L’administration Martelly s’explique
Les Ministres Laleau et Jean-Marie ont essayé et sont arrivés à convaincre bon nombre de citoyens que «  les caisses de l’Etat ne sont pas vides ». Les explications fournies correspondent aux explications du Président Martelly depuis Taïwan (Réf. http://lenouvelliste.com/lenouvelliste/article/130105/Les-caisses-de-lEtat-et-larticle-12-Martelly-sexplique.html). Il est à noter que le Président a essayé aussi de calmer le jeu par rapport à l’application de l’article 12 de l’Accord del Rancho.

Lors du 29e Conseil de Gouvernement en direct consacré au budget et aux élections, Mme JEAN-MARIE, le ministre de l’économie et des finances, a détaillé le budget révisé (118.86 Mrds HTG)  soumis au Parlement et a expliqué que le pays dispose de l’argent pour réaliser ce qui a été programmé mais ne peut se permettre de prendre en compte d’autres projets non inclus dans ce budget dont 47% pour le secteur économique, 24% pour le secteur social, 19% pour le secteur politique et 10% pour le reste. Le taux de croissance est revu à la baisse (3.5% au lieu de 4.5%), le taux d’inflation à la hausse à cause même de la dépréciation de la gourde (45 HTG et plus pour 1 USD). Le Premier Ministre a insisté pour montrer que la balle est maintenant dans le camp du Sénat, non seulement pour le budget rectifié mais aussi pour le projet de loi sur « le fonds National de l’Education (FNE) déposé au Sénat depuis un an ».

Le MOPOD se mobilise
Le MOPOD, qui annonce une mobilisation à partir de 26 avril jusqu’au 14 mai 2014, invite tous les partis d’opposition (Lavalas, Fusion, Accao, etc.) à l’accompagner pour la mobilisation d’un million de personnes dans l’objectif d’obtenir pacifiquement la démission de l’administration Martelly, tandis que les groupes de base dont celui de Biron Odije s’apprêteraient à prendre d’assaut le Palais National lors de ces manifestations.
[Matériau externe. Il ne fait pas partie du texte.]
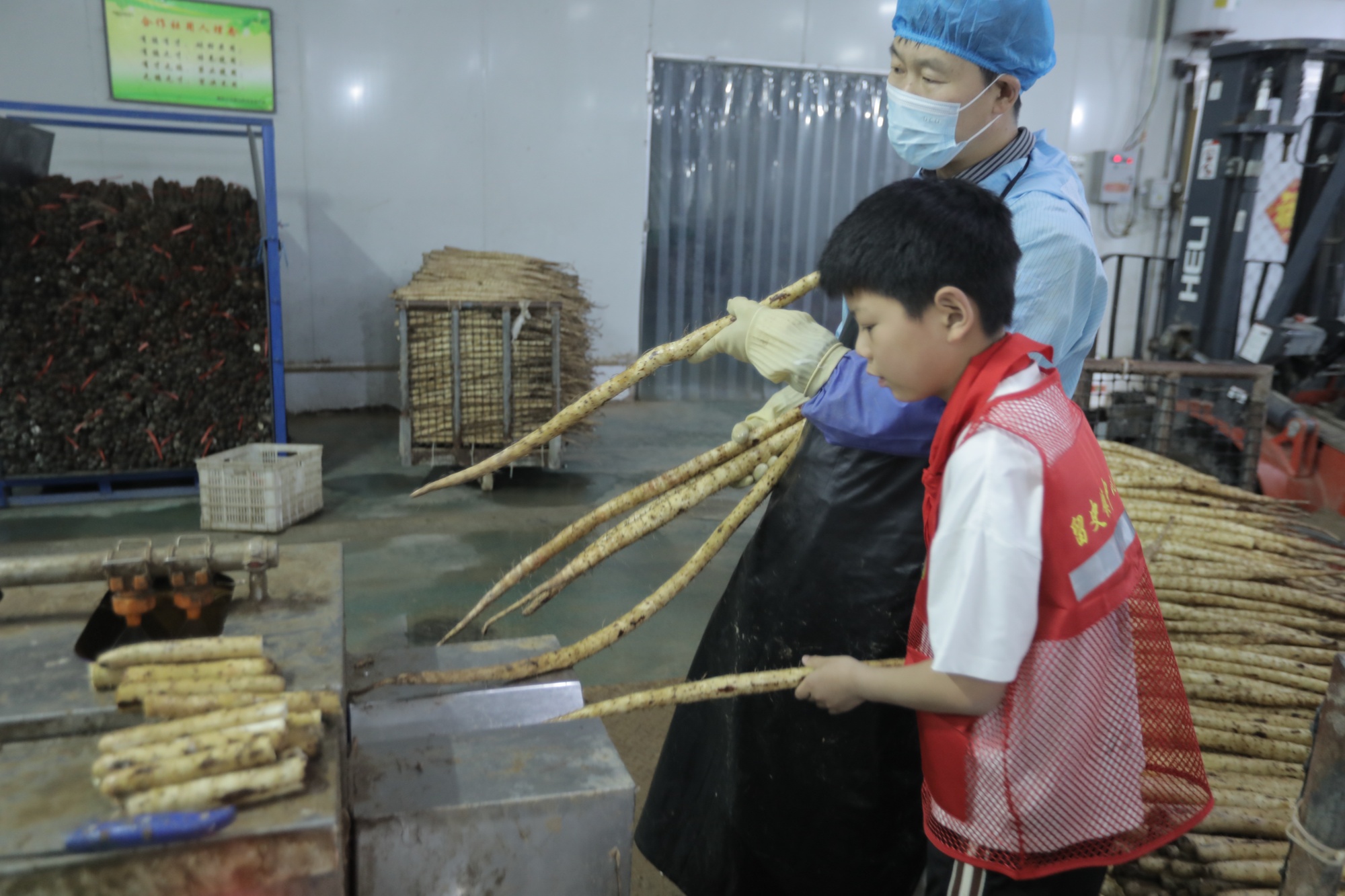 河北蠡县：小山药串起大课堂 乡土情铸就兴农志 - 图1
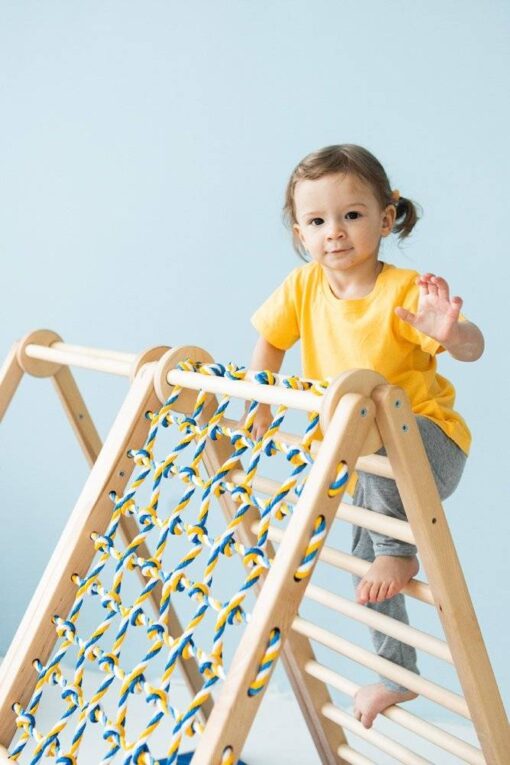 indoor playground Zebra3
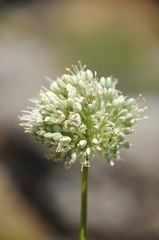 Allium drobovii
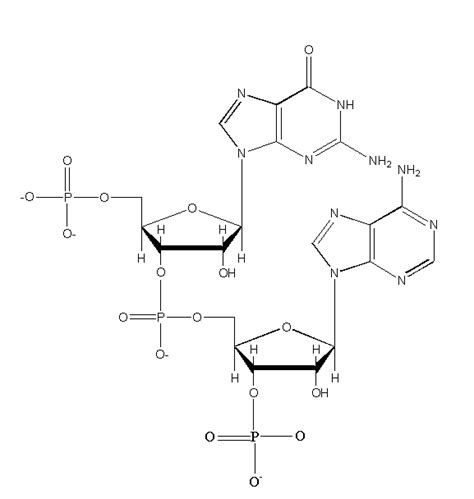 RNA Full Form 的图像结果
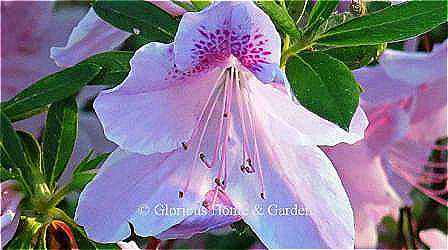 Rhododendron 'George L. Taber' is a popular Southern Indica hybrid azalea light pink flowers edged in white and a dark pink blotch on the upper petal.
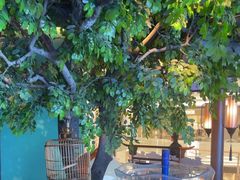 -佬麻雀·剁椒鱼头(京基KK One店)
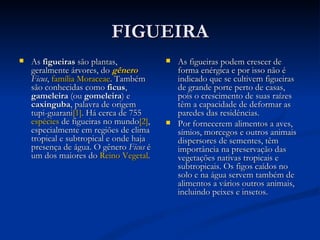 FIGUEIRA As  figueiras  são plantas, geralmente árvores, do  gênero   Ficus ,  família   Moraceae . Também são conhecidas como  ficus ,  gameleira  (ou  gomeleira ) e  caxinguba , palavra de origem tupi-guarani [1] . Há cerca de 755  espécies  de figueiras no mundo [2] , especialmente em regiões de clima tropical e subtropical e onde haja presença de água. O gênero  Ficus  é um dos maiores do  Reino   Vegetal . As figueiras podem crescer de forma enérgica e por isso não é indicado que se cultivem figueiras de grande porte perto de casas, pois o crescimento de suas raízes têm a capacidade de deformar as paredes das residências. Por fornecerem alimentos a aves, símios, morcegos e outros animais dispersores de sementes, têm importância na preservação das vegetações nativas tropicais e subtropicais. Os figos caídos no solo e na água servem também de alimentos a vários outros animais, incluindo peixes e insetos. 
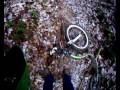 Mushing Training crash 2009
Ces manifestations seront appuyées aussi par certains syndicats dont celui de José Mérilien. L’opposition radicale utilise les mêmes thèmes depuis quelque temps : la dilapidation des caisses publiques ; l’accointance des autorités politiques avec le secteur de la drogue, avec le kidnapping ; la corruption, la vie chère, les dérives dictatoriales du pouvoir en place, etc. pour motiver les gens à se mobiliser contre cette administration. Comme par hasard, le MOPOD, qui ne reconnait pas l’accord du 14 mars 2014, est pour l’application de l’article de 289 dans la mise en place du CEP provisoire, tout au moins certains membres du MOPOD. En d’autres termes, le MOPOD est pour l’organisation des élections mais sans Martelly, en témoignent la manifestation pacifique  du 26 avril  au Cap-Haïtien et celle violente du 28 avril à Port-au-Prince.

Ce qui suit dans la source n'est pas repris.